See the previous AGI Friday in which I discussed a couple multi-vehicle crashes that technically included Waymos and fatalities but in both cases the Waymo was so clearly not at fault that it’s fair to call it zero deaths from Waymos.
“That’s the most Elon Musk thing I’ve ever heard,” comments my friend Christopher.



Your experience for road trips mostly matches mine (2023 Model Y, HW4) but on local trips in the Midwest I’d estimate I make at least one safety critical disengagement a month (under a thousand miles). The frustrating thing is that it’s difficult to mentally model where it struggles, and there are often behavioral regressions between releases.

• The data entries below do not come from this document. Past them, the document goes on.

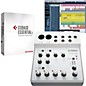 Yamaha Audiogram 6 & Cubase Essential 5 Recording Package thumbnail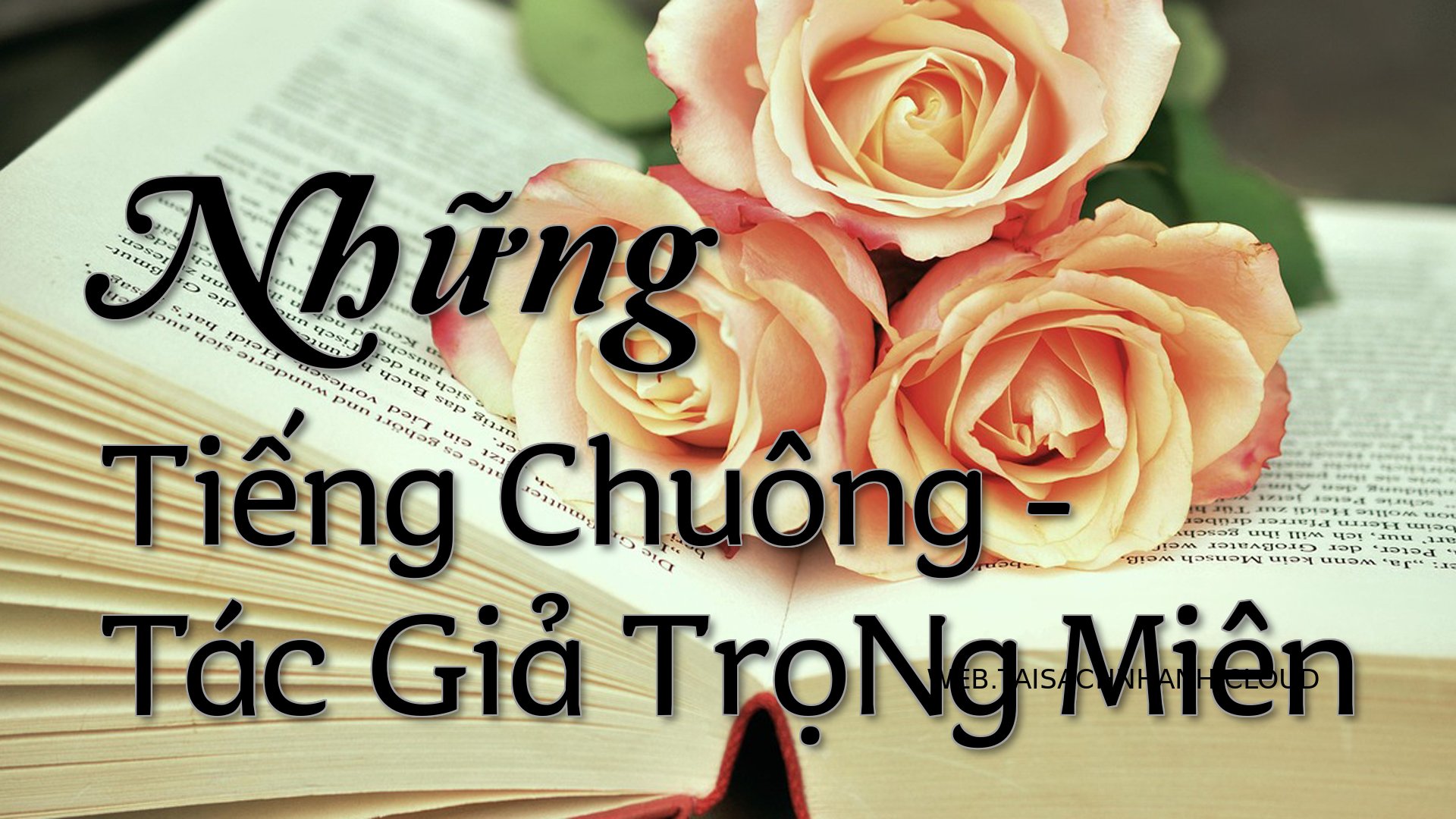 Cover Nhung Tieng Chuong.jpg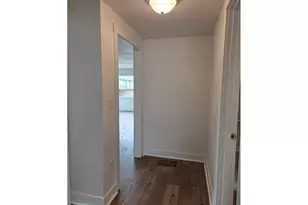 306 8th St, Garibaldi, OR 97118 - Photo 19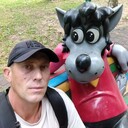  ,   , 41 ,   c 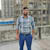 Anand Garg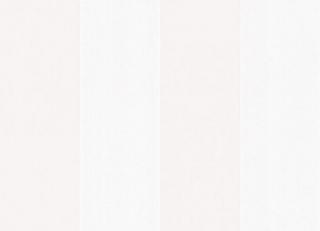 Фото - Обои Little Greene Painted Papers - 365851>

Maybe this is what it’s like to be a driver's ed instructor, constantly being driven around by a young driver with different strengths and weaknesses
The past month has been particularly bad, where it’s struggled with timidity and hallucinations. Some recent disengagements I remember:
- It started to brake and pull over twice due to flashing (nonemergency) lights on the other side of a stroad
- Yesterday it had a green right turn but braked harshly when an opposing car started initiating their unprotected left, infuriating the car behind us (then it randomly activated and cancelled its turn signal twice trying to decide what freeway lane was correct, and the same car following us really got road rage)
- Today it braked harshly in a roundabout when another car was safely starting to creep in
Those were split between my wife and I driving, and neither of us is able to react quickly enough to cancel the braking, which was unwarranted and confusing. Fortunately no one has been tailgating us during these events and the worst damage FSD has caused us was just curbing a wheel while parking
Overall Teslas and FSD is quite impressive and I love having it, but it’s too easy to get a false sense of security, and it’s plausible to me that it could require *more* driving experience to use FSD safely than it does to just drive the Tesla normally
Yeah, I won't be considering buying a Tesla until Elon is 100% out of the company.